Exercise brief -> Output only the lines below from the one holding "Pair of Unisex" down to the one holding "ASUS SFF-Ready Prime", both end lines included and every picture dropped.

The data ->
^^^^^^^^^^^^^^^^

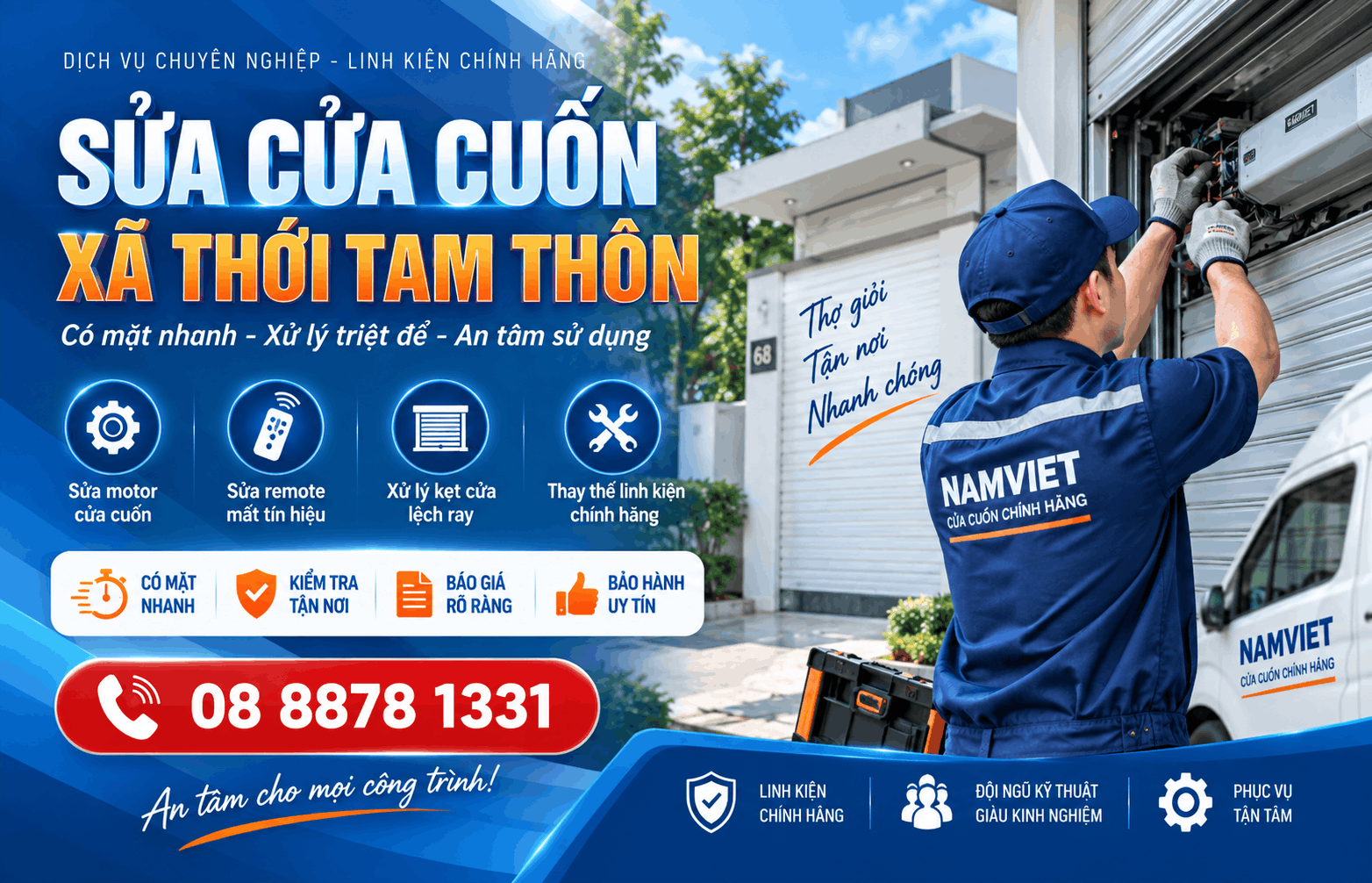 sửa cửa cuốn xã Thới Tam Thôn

^^^^^^^^^^^^^^^^

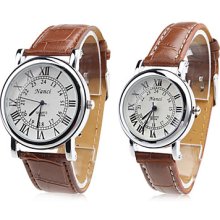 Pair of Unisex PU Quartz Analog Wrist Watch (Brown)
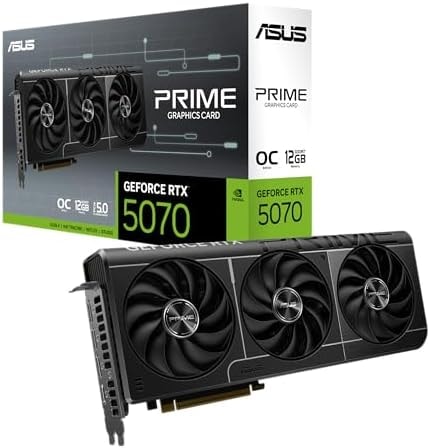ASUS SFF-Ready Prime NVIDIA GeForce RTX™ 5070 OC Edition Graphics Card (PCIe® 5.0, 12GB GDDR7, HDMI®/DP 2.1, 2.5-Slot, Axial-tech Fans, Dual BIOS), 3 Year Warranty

^^^^^^^^^^^^^^^^

Exercise answer ->
 Pair of Unisex PU Quartz Analog Wrist Watch (Brown)
ASUS SFF-Ready Prime NVIDIA GeForce RTX™ 5070 OC Edition Graphics Card (PCIe® 5.0, 12GB GDDR7, HDMI®/DP 2.1, 2.5-Slot, Axial-tech Fans, Dual BIOS), 3 Year Warranty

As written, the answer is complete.